** Task inputs follows **

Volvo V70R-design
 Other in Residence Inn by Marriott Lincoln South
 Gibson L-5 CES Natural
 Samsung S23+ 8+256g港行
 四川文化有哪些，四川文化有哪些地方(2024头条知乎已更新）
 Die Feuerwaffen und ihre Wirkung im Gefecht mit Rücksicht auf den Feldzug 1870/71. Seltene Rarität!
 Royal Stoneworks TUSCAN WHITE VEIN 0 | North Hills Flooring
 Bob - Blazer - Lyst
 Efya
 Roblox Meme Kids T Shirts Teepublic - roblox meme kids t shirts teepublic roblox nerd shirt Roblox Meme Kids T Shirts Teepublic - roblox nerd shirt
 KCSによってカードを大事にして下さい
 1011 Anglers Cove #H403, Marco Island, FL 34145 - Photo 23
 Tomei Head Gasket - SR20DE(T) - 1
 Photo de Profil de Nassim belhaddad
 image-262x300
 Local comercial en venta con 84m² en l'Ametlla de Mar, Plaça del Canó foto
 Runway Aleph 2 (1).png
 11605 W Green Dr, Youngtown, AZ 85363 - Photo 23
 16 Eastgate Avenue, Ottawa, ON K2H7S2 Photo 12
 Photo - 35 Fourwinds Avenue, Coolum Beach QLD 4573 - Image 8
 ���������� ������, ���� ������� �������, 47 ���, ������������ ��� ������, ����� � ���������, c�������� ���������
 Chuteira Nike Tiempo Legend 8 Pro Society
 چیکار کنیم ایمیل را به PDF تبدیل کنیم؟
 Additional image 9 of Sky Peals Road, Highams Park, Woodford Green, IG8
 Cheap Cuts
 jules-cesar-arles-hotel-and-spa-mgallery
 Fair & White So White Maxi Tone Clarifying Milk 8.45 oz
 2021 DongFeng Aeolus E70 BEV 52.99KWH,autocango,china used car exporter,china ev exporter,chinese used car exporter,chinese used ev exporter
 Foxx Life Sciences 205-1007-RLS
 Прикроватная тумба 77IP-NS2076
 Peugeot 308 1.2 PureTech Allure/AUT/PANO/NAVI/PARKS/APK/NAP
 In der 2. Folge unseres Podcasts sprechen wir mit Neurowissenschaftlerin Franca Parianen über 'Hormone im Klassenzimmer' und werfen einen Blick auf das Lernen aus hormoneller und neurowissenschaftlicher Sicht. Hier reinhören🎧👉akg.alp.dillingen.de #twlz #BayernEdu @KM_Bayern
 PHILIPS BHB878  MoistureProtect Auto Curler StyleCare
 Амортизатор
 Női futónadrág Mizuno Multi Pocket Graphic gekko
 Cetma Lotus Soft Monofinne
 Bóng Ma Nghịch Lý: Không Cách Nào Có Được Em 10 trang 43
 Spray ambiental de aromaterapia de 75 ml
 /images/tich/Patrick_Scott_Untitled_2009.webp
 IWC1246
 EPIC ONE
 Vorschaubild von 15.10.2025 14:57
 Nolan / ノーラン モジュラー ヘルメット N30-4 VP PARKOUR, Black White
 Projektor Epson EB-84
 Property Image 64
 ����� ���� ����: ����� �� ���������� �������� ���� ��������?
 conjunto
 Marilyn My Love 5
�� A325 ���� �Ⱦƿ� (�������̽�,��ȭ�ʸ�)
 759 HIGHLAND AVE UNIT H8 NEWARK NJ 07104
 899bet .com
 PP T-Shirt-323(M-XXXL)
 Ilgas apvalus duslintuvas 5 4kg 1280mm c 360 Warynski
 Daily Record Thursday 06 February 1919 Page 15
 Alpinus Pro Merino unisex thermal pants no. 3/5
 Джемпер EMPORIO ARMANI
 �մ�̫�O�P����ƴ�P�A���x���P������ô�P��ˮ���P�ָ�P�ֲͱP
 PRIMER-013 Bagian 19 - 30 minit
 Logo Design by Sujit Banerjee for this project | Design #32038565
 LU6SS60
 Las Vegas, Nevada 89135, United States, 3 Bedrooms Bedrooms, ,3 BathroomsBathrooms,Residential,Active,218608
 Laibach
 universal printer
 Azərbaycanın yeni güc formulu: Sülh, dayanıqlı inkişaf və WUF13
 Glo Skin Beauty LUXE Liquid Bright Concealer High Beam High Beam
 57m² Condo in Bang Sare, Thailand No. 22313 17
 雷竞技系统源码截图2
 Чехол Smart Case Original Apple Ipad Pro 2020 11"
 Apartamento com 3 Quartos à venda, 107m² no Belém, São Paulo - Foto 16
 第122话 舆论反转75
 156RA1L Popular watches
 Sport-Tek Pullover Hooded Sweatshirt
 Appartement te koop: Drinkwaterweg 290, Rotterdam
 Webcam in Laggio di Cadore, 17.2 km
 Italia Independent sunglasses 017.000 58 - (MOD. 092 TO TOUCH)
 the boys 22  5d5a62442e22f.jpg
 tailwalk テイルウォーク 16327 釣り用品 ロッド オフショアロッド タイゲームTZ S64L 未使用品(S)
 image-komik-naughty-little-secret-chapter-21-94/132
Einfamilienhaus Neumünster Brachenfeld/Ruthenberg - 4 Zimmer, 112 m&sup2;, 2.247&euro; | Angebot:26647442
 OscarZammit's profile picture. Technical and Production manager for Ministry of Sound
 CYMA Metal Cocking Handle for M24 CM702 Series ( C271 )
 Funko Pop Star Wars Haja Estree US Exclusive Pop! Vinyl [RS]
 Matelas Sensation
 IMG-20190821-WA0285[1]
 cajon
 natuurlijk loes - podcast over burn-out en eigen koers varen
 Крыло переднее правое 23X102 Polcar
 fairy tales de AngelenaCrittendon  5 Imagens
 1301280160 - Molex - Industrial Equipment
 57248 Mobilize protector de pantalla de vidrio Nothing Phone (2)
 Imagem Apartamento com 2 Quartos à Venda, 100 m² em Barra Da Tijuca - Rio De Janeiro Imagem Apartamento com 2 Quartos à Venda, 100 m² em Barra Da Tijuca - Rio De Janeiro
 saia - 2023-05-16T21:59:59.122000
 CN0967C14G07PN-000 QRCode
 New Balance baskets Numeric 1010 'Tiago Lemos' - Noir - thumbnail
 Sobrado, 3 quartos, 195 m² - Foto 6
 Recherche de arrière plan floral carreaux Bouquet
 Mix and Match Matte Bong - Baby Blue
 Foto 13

** End of Task inputs **

§ **Exercise brief**: All lines in the listing above between the line with "OscarZammit's profile picture." and the line with "Крыло переднее правое 23X102 Polcar", inclusive, should be set down exactly, and no line outside that range.

§ **The completed task**:
 OscarZammit's profile picture. Technical and Production manager for Ministry of Sound
 CYMA Metal Cocking Handle for M24 CM702 Series ( C271 )
 Funko Pop Star Wars Haja Estree US Exclusive Pop! Vinyl [RS]
 Matelas Sensation
 IMG-20190821-WA0285[1]
 cajon
 natuurlijk loes - podcast over burn-out en eigen koers varen
 Крыло переднее правое 23X102 Polcar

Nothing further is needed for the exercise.